Witajcie, kadeci!
Jak wygląda ten cały porucznik Sieg?
Ktoś go widział?
Czy ciągle nosi mundur?
By odpowiedzieć na wasze nurtujące pytania, teraz zaprezentuję wam siebie - porucznika Siega. Nie powiem o rzeczywistym wyglądzie, bo to zbędne. Chodzi o postać, która mnie prezentuje, czyli wcześniej wspomniany Sieg.
Wiecie już jak się nazywam, lecz mówią mi różnie: Sieg, Siegrain, Sieguś, a nawet Śniegus! (zapomnijcie o tym ostatnim).
Jestem wysokim, dwudziestoletnim chłopakiem/mężczyzną (niepotrzebne skreślić).
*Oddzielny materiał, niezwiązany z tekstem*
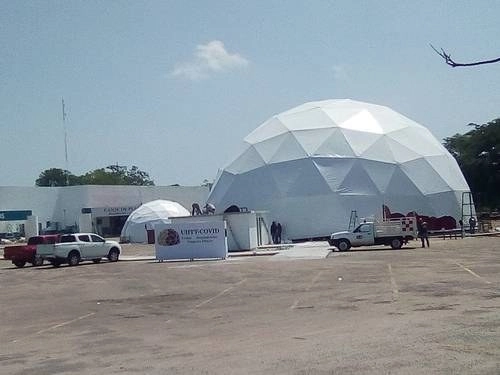 Burbuja termoaislante para atender a enfermos de coronavirus en Villahermosa, Tabasco.Foto cortesía de XEVT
Szczupły, wysportowany... Jednym słowem wyobraźcie sobie tę kluseczkę Louisa Tomlinsona. Kolor włosów, oczu, kształt twarzy - takie same! Ale nie zapominajcie o wzroście, przewyższam go o całe siedem centymetrów! Często wczuwam się w jego rolę, więc czuję się czasem jak jego brat bliźniak ^.^
Co do ubioru... Mam ogromną słabość do mundurów. Praktycznie nigdy go nie zdejmuję, by zawsze być gotowym do wspólnego biegu z kadetami! Przysięgam, oni to kochają!
Jestem na ogół spokojną osobą, opanowaną, ale i wymagającą! Zdarza mi się zdenerwować, lecz rzadko kiedy pokazuję to na zewnątrz. Dla relaksu lubię wtedy obserwować moich kadetów robiących pompki w błocie podczas ulewy. Uwielbiam ten widok! Dbam o każdy szczegół, więc biada tym, którzy niepoprawnie zaścielą łóżko! Każdy kadet może liczyć na moją pomoc, zawsze postaram się mu pomóc. Chętnie pogadam na różne tematy, ale wiedz jedno: nigdy nie zdradzę ci tego, co ujrzałem w gabinecie Malika.